After planning is complete, the Index Adviser scans the plan to find
any IndexScan objects that have indexid matching the saved OIDs.

Index Adviser performs the whole thing in a subtransaction, which gets
rolled back. So the hypothetical indexes are not visible to any other
transaction, ever.

Assigning OID to a hypothetical index is necessary, and I believe
index_create() is the right way to do it. In fact, in the 9.1 cycle
there was a bug fixed (a2095f7fb5, where the hypothetical flag was
also invented), to solve precisely this problem; to allow the Index
Adviser to use OIDs to identify hypothetical indexes that were
used/chosen by the planner.

But now I believe this architecture of the Index Adviser needs to
change, primarily to alleviate the performance impact of creating
catalog entries, subtransaction overhead, and the catalog bloat caused
by index_create() (and then rolling back the subtransaction). As part
of this architecture change, the Index Adviser will have to cook up
IndexOptInfo objects and append them to the relation. And that should
line up with the design intention you mention.

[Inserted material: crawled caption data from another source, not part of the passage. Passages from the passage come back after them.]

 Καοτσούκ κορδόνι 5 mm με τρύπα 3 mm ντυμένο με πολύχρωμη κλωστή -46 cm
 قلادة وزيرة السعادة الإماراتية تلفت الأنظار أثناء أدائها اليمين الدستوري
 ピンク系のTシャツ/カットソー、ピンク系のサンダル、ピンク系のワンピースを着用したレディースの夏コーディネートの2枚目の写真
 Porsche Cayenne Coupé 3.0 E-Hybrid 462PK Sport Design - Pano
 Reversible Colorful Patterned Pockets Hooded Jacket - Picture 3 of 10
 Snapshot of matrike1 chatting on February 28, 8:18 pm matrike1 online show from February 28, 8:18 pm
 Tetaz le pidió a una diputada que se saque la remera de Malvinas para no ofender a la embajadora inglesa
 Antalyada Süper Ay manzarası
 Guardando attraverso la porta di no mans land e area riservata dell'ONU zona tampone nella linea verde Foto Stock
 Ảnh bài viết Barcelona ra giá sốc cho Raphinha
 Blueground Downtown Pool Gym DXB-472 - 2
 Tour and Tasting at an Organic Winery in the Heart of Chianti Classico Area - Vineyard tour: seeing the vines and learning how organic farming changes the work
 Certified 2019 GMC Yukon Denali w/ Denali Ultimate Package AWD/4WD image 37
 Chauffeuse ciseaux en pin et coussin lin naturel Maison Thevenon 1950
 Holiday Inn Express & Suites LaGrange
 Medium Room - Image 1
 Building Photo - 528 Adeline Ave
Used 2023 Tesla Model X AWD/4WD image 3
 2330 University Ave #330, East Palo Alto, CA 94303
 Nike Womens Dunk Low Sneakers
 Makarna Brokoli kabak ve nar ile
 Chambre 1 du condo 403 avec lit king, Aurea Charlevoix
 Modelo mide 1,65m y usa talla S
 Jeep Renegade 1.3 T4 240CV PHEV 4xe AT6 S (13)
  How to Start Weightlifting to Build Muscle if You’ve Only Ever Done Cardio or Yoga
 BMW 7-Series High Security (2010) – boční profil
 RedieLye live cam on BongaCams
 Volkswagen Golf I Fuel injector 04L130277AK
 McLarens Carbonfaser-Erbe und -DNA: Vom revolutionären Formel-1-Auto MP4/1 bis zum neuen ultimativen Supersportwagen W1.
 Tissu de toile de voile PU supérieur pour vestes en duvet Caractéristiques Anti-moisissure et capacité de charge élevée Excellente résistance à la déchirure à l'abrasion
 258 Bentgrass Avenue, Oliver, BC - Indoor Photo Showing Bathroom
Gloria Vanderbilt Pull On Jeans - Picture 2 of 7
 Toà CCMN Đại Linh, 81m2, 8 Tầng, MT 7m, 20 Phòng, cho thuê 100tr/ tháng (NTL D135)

But the immediate blocker is how to assign OIDs to the hypothetical
indexes so that all hypothetical indexes chosen by the planner can be
identified by the Index Adviser. I'd like the Index Adviser to work on
read-only /standby nodes as well, but that wouldn't be possible
because calling GetNewObjectId() is not allowed during recovery. I see
that HypoPG uses a neat little hack [1]. Perhaps Index Adviser will
also have to resort to that trick.

[1]: hypo_get_min_fake_oid() finds the usable oid range below
FirstNormalObjectId
https://github.com/HypoPG/hypopg/blob/57d832ce7a2937fe7d42b113c7e95dd1f129795b/hypopg.c#L458

Best regards,
Gurjeet
http://Gurje.et